[Start of section]

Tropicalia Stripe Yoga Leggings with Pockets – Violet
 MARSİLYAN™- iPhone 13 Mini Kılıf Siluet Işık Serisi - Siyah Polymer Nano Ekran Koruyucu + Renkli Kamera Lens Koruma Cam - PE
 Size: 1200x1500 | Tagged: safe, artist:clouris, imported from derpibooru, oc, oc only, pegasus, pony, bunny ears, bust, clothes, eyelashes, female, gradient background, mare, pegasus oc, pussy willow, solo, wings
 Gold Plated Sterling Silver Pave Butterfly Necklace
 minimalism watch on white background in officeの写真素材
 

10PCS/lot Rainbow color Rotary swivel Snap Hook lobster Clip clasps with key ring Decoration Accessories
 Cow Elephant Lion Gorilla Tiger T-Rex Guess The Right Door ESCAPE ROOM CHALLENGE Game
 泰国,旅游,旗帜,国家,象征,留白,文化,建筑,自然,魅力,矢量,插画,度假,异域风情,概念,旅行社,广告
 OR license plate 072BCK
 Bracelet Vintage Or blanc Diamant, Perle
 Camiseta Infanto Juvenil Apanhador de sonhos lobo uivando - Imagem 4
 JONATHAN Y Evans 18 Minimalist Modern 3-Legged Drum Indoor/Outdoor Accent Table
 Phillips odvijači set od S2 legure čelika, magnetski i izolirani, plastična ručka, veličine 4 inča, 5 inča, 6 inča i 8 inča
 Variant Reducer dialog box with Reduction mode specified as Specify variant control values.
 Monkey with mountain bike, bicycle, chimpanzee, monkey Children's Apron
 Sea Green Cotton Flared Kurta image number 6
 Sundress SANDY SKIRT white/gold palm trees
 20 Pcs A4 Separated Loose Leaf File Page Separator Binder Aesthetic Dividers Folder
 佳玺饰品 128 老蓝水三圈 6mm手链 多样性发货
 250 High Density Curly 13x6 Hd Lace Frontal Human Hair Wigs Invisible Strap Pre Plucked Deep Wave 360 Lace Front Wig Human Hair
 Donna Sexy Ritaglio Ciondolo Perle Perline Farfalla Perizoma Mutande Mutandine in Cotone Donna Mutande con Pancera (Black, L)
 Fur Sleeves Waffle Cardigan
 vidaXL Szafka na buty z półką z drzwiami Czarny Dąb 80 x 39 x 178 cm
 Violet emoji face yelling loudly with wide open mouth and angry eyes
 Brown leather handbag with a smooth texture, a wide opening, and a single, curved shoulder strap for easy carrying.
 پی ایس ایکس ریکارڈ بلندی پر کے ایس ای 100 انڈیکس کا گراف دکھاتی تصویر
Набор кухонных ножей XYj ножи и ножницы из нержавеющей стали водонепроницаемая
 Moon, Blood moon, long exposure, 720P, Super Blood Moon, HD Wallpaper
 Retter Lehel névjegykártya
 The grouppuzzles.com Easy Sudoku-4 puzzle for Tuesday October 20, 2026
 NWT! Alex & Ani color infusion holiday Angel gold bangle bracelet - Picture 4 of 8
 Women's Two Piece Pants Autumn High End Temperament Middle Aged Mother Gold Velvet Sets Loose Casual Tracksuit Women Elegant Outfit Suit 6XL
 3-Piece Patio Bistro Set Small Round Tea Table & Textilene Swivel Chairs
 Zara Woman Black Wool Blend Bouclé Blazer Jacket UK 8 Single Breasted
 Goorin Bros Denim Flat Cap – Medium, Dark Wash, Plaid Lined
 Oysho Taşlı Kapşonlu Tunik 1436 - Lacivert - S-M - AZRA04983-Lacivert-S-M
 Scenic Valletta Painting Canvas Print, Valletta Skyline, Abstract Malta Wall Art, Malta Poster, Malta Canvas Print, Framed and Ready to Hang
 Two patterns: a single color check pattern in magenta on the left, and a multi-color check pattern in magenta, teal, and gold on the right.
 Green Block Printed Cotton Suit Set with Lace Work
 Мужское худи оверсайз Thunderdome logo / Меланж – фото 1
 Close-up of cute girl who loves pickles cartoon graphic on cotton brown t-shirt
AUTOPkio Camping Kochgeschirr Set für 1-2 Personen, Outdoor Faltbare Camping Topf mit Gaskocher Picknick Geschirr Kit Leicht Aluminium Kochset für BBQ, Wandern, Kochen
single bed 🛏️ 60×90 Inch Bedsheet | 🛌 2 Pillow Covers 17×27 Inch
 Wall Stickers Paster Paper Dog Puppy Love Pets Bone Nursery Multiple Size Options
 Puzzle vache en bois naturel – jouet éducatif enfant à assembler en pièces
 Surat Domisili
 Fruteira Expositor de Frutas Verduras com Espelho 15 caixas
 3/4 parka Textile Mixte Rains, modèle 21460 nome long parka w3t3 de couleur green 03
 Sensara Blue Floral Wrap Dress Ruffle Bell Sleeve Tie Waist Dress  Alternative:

[End of section]

Look above for the line with "250 High Density" and the line with "Brown leather handbag"; transcribe both and all lines in between, exactly, and nothing else.

--- Result of this task ---
 250 High Density Curly 13x6 Hd Lace Frontal Human Hair Wigs Invisible Strap Pre Plucked Deep Wave 360 Lace Front Wig Human Hair
 Donna Sexy Ritaglio Ciondolo Perle Perline Farfalla Perizoma Mutande Mutandine in Cotone Donna Mutande con Pancera (Black, L)
 Fur Sleeves Waffle Cardigan
 vidaXL Szafka na buty z półką z drzwiami Czarny Dąb 80 x 39 x 178 cm
 Violet emoji face yelling loudly with wide open mouth and angry eyes
 Brown leather handbag with a smooth texture, a wide opening, and a single, curved shoulder strap for easy carrying.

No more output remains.